A granted claim cannot be amended by deleting limiting subject-matter from the claims, because such amendment would extend the protection conferred, which is prohibited by Art. 123(3) EPC; if the limiting subject-matter had been added in contravention of Art. 123(2) EPC, the applicant is caught in an "inescapable trap", see G 1/93 and chapter II.E.3.1.
In T 1407/05 the board considered that claim feature A described essential technical characteristics of the claims as granted. Feature A was removed from the wording of the claims in all pending requests; all other claim features remained essentially the same. The board held that the removal of a positive technical feature from an independent claim prima facie resulted in a broadening of the scope of protection afforded by it and therefore contravened Art. 123(3) EPC.
In T 1983/14 the applicant had added a limiting feature to the claim during examination. The opposition division found that, as a consequence of adding this feature, the patent proprietor had lost its right to priority and its own use of the invention during the priority period had been prejudicial to novelty. The board agreed and held in addition that the problem of the added feature could not have been overcome by amendment. This was because Art. 123(3) EPC prevented the removal, after grant, of a problematic, limiting feature.

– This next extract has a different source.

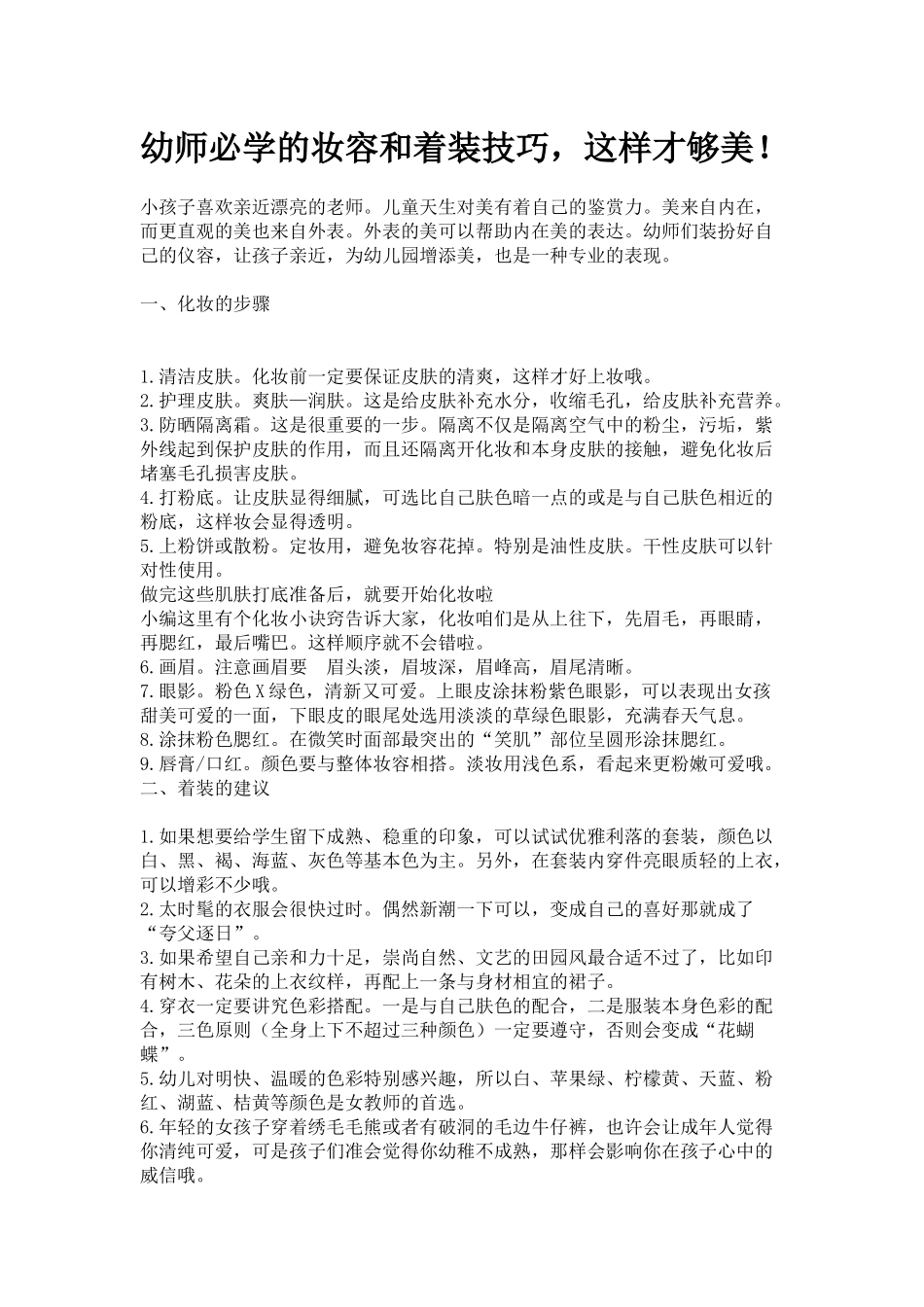 幼师必学的妆容和着装技巧，这样才够美！_第1页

In T 666/97 the product claim of the auxiliary request no longer included a process feature which was included in the product claim as granted. In the board's view, it followed from the fact that the subject-matter for which protection was claimed in the auxiliary request was a product that it could only be characterised by features manifest in/on the product itself. That meant that manipulations taking place during product manufacture but not resulting in product features were of no relevance to the definition of the claimed product and hence to the scope of protection of the claim. That was an unavoidable implication of the established case law of the boards of appeal, under which the subject-matter of a product-by-process claim derives its novelty not from new procedural steps but purely from structural features (see T 205/83, OJ 1985, 363). Thus, to resolve the issue of compliance with the requirements of Art. 123(3) EPC 1973, what had to be decided was whether the omitted product-by-process feature was technically significant for the definition of the claimed product, i.e. whether it was a product feature. The board found that in the present case the omitted feature was not a product feature. Thus the claim had not been extended within the meaning of Art. 123(3) EPC 1973.